When you reach the line containing "Bois mort sur" in the entries below, begin reproducing lines exactly, and stop once the line containing "Image of Set" is done.
STUDY MATERIAL Block Start
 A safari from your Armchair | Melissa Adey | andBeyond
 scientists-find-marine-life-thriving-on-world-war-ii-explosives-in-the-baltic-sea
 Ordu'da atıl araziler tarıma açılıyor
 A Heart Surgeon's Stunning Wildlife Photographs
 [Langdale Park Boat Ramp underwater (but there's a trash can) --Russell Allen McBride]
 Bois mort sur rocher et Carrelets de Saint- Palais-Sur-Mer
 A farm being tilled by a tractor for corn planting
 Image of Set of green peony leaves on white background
STUDY MATERIAL Block End
STUDY MATERIAL Block Start
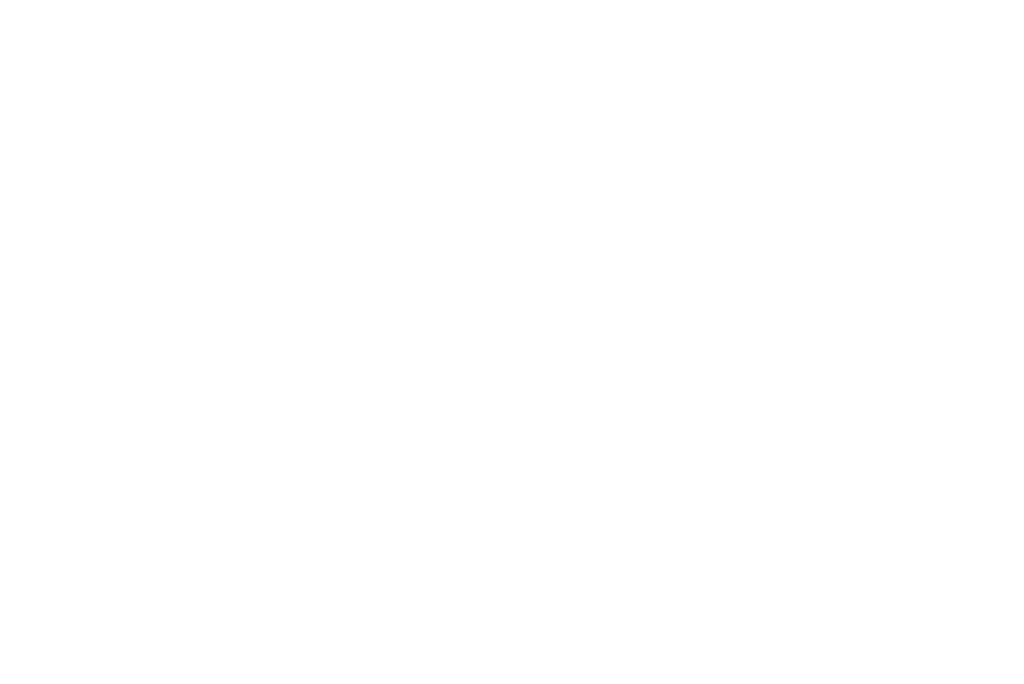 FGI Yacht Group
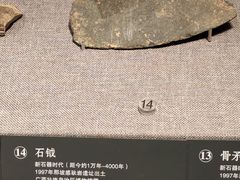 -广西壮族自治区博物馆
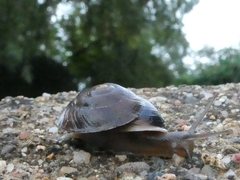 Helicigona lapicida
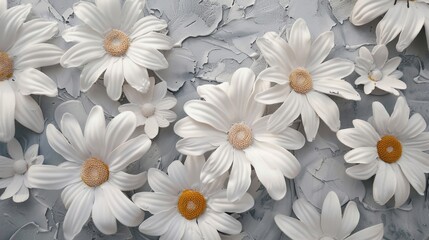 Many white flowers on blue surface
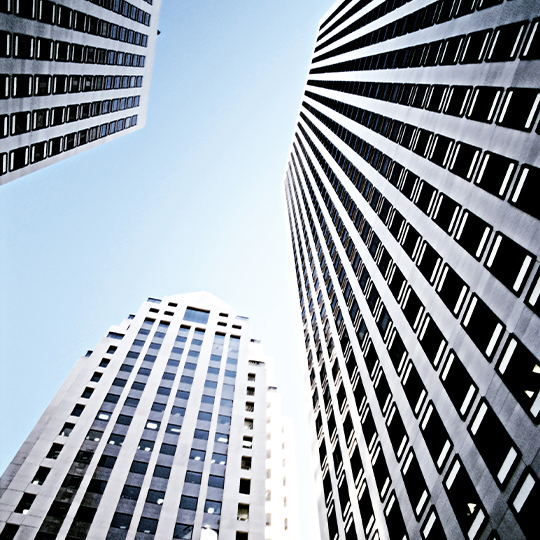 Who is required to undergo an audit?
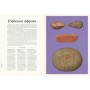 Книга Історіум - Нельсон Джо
STUDY MATERIAL Block End
__RESPONSE AREA__.
 Bois mort sur rocher et Carrelets de Saint- Palais-Sur-Mer
 A farm being tilled by a tractor for corn planting
 Image of Set of green peony leaves on white background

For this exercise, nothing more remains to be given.